How the Court’s fake ethics code differs from the federal recusal law

The federal statute governing judicial recusals begins with a fairly straightforward declarative sentence: “Any justice, judge, or magistrate judge of the United States shall disqualify himself in any proceeding in which his impartiality might reasonably be questioned.” Notably, this statute applies not just to lower court judges — who actually are bound by a separate ethics code — but also to “any justice.” Justice Alito is a justice.

In his letter refusing to recuse, however, Alito does not even mention this federal statute. Instead, he spends nearly the entire letter explaining why he is not required to recuse himself under the much weaker standard announced in the Court’s own unenforceable ethics code.

That standard begins with a presumption against recusal: “A justice is presumed impartial and has an obligation to sit unless disqualified.” It uses weaker language to describe when justices should recuse themselves — stating that a justice “should” recuse when their impartiality reasonably can be questioned, not that a justice “shall” recuse. And it qualifies the obligation to recuse by stating that the duty to recuse is only triggered when a “reasonable person who is aware of all relevant circumstances would doubt that the Justice could fairly discharge his or her duties.”

So, while the federal statute begins with a declarative statement that justices are sometimes required to remove themselves from certain cases, the Court’s own code begins with a statement that justices typically have an “obligation” not to recuse themselves. And the Court’s unenforceable code also states that a justice can be relieved of his duty to recuse if there are “relevant circumstances” that the public may not be aware of.

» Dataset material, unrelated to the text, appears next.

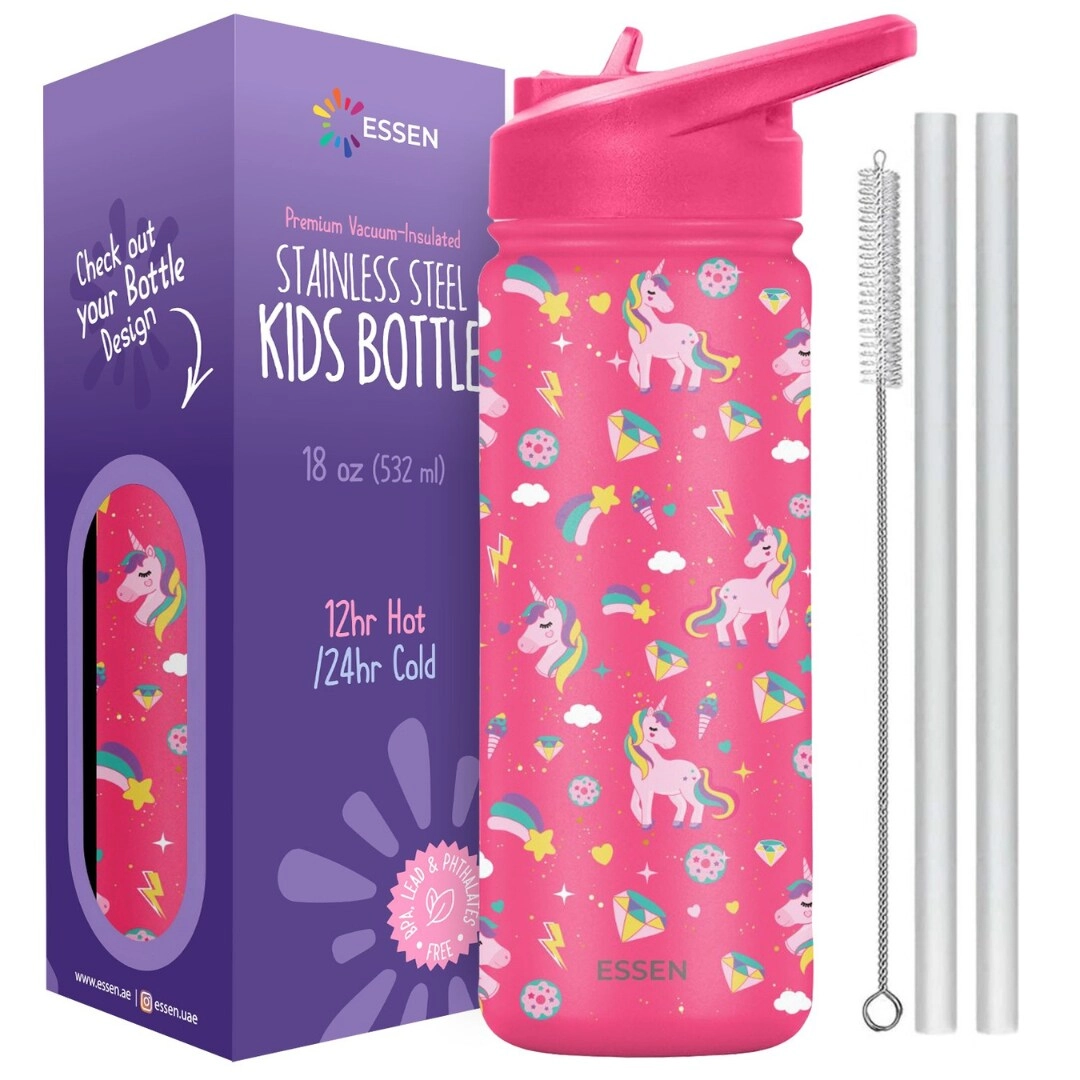 ESSEN Kids Water Bottle - 532 ml/18 oz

And so Alito spends much of his letter laying out what he claims these relevant circumstances are. Among other things, he points to the fact that he and his wife “own our Virginia home jointly,” giving her a “legal right to use the property as she sees fit.” He also mentions that Martha-Ann purchased the New Jersey home “with money she inherited from her parents” and that the house is “titled in her name.”

Regardless of whether anyone is likely to find this explanation persuasive, Alito mentions these facts solely to argue that he is not bound to recuse under the Court’s weak internal ethics code. Because the federal statute is also binding on “any justice,” he also had an obligation to, at the very least, explain why he was not bound to recuse himself under this more stringent law.

Alito’s letter also exposes another weakness in the Court’s internal code. Suppose that a news outlet had discovered that a lower court judge flew an inappropriately political flag outside of their home, and the judge tried to dodge a request for recusal by pointing out that the flag was flown by their spouse. A federal trial judge’s decision not to recuse could be appealed to a federal circuit court, and a circuit judge’s decision not to recuse could be appealed to the Supreme Court.

Thus, the rules governing federal judges who do not serve on the Supreme Court ensure that a judge asked to recuse from a matter will not have the final decision-making authority in their own case.

An official commentary attached to the Court’s internal code, by contrast, states that “individual Justices, rather than the Court, decide recusal issues.” So Alito has the final word on whether Alito has behaved ethically, and on whether he is relieved of his obligation to recuse because his wife bought their vacation home with her inheritance.

It was clear the day that the Court released its internal code that it wouldn’t have much impact on the justices’ behavior, in large part because most of the provisions of this code have no enforcement mechanism. But Alito’s letter reveals something much more worrisome about the code: It apparently will be used by the justices to justify ignoring their obligations under federal law.